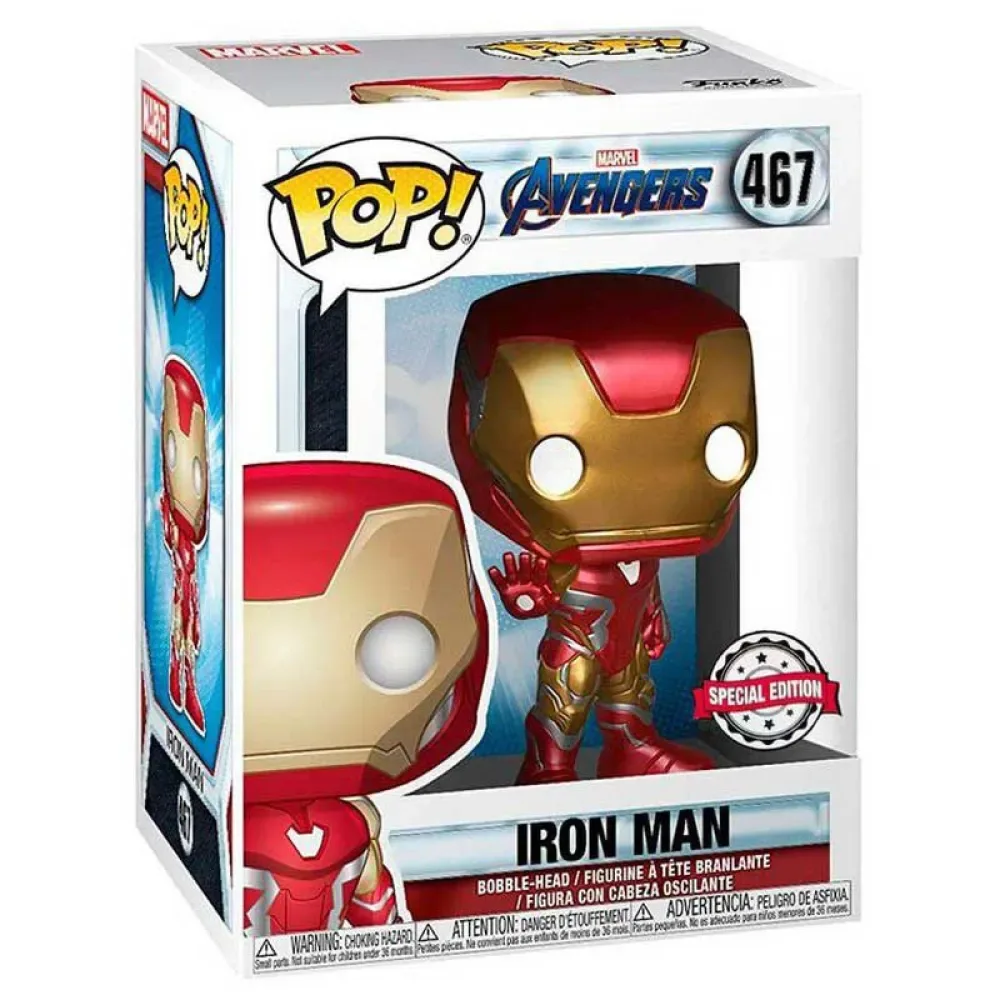 Figurine Exclusive Avengers: Endgame Iron Man de Funko – jaquette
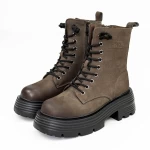 Ghete Dama cu Platforma 2301 Gri » meishop.life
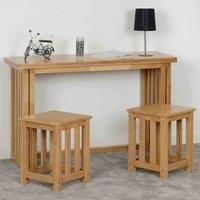 Richmond Foldaway Dining Set Oak Effect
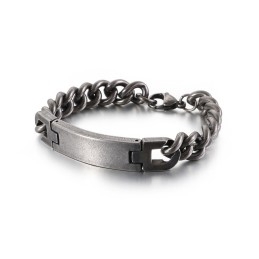 Pulsera De Titanio Fashion Bend Para Hombre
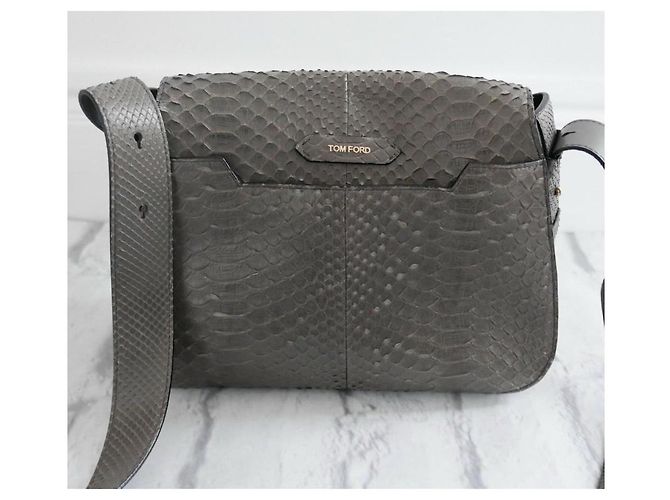 Bolsa Tom Ford Jennifer em pele de python cinza - vista 5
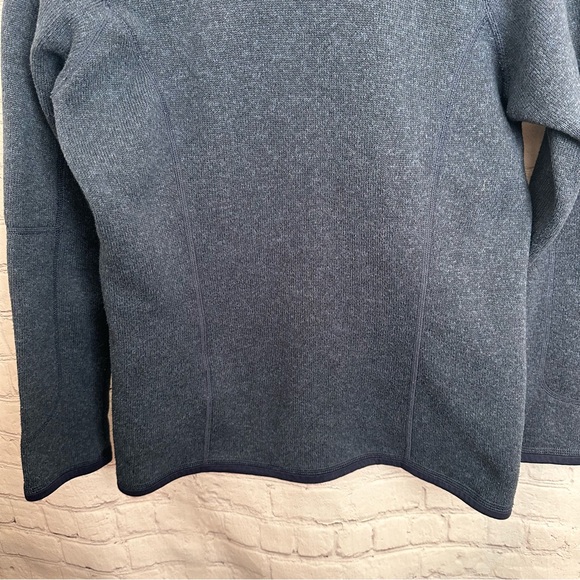 Patagonia Better Sweater 1/4 Zip Women Size XS Navy Blue Fleece Pullover Jacket - Picture 6 of 8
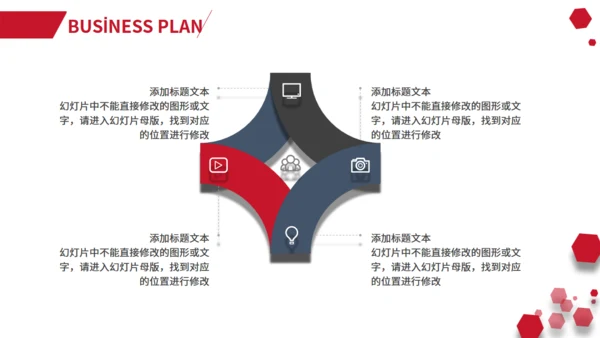 大气欧美风几何红年度工作总结通用PPT模版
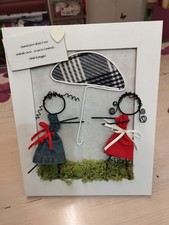 Quadretto Filo Di Ferro Amicizia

= = =

_EXERCISE AIM_.
From the material above, print everything exactly except the pictures.

_WRITTEN RESPONSE_.
 Figurine Exclusive Avengers: Endgame Iron Man de Funko – jaquette
 Ghete Dama cu Platforma 2301 Gri » meishop.life
 Richmond Foldaway Dining Set Oak Effect
 Pulsera De Titanio Fashion Bend Para Hombre
 Bolsa Tom Ford Jennifer em pele de python cinza - vista 5
 Patagonia Better Sweater 1/4 Zip Women Size XS Navy Blue Fleece Pullover Jacket - Picture 6 of 8
 大气欧美风几何红年度工作总结通用PPT模版
 Quadretto Filo Di Ferro Amicizia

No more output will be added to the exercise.